I define an action on $\mathbb{C}-0 × \mathbb{C^2}-(0,0)$ by $(x,y,z) \mapsto ((1/a)x,ay,az)$ when $a$ is a non zero complex number, I get a manifold by quotienting. Taking element from this quotiented manifold and quotienting back in the projective,I thought it was homeomorphic to a part of the projective space. But now , I'm not sure. I'd like to know if the quotiented manifold is homeomorphic to a part of the projective space $\mathbb{C}P^2$?

Answer 1

$\newcommand{\Cpx}{\mathbf{C}}$Throughout, define an action of $\Cpx^{\times}$ on $\Cpx^{3}$ (or various invariant open subsets) by $$ \phi_{a}(x, y, z) = (x/a, ay, az). $$ (Terms such as "axis" or "plane" refer to complex subspaces.)

Consider the complement of the $x$-axis and the $(y, z)$-plane, $$ U = (\Cpx\setminus\{0\}) \times (\Cpx^{2}\setminus\{(0,0)\}) = \{(x, y, z) : x \neq 0, (y, z) \neq (0, 0)\}; $$ the complement of the $(y, z)$-plane, $$ U' = (\Cpx\setminus\{0\}) \times \Cpx^{2} = \{(x, y, z) : x \neq 0\}; $$ and $V = \Cpx^{3}\setminus\{(0,0,0)\}$.

The orbits of $\phi$ are the origin; the $x$-axis (minus the origin) $\{(x, 0, 0) : x \neq 0\}$; lines (minus the origin) in the $(y, z)$-plane; and "hyperbolas" $\{(x, y, z) \in U : xy = x_{0}y_{0}, xz = x_{0}z_{0}\}$.

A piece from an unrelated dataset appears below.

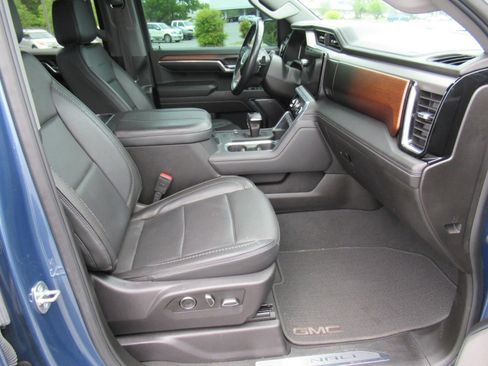 Used 2024 GMC Sierra 1500 Denali AWD/4WD image 9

The orbit of $\phi$ through an arbitrary point $(x_{0}, y_{0}, z_{0})$ in $U'$ hits the plane $\{x = 1\}$ precisely when $a = x_{0}$, i.e., at $(1, x_{0}y_{0}, x_{0}z_{0})$. Since this plane is clearly a slice of the action, $$ U'/\phi \simeq \Cpx^{2}. $$ (Restricting, $U/\phi \simeq \Cpx^{2}\setminus\{(0,0)\}$.)

So, what if we remove only the origin?

As a set, the quotient $V/\phi$ is (in bijective correspondence with) the complex projective plane. As a topological space, by contrast, $V/\phi$ is not Hausdorff: If $x_{\infty}$ denotes the image of the $x$-axis, then every neighborhood of $x_{\infty}$ meets every neighborhood of each point in the image of the $(y, z)$-plane.

The "right" example to consider for intuition is perhaps to let the multiplicative group of non-zero reals act on the real plane minus the origin by $$ \phi_{a}(x, y) = (x/a, ay). $$ The orbits are the two coordinate axes, and the hyperbolas $xy = \text{const}$. The quotient (as a set) is the vertical line $\{x = 1\}$ with one additional point $x_{\infty}$ corresponding to the $y$-axis, but as a topological space the quotient is a line with two origins: Every neighborhood of $x_{\infty}$ meets every neighborhood of the origin, a.k.a., the image of the $x$-axis.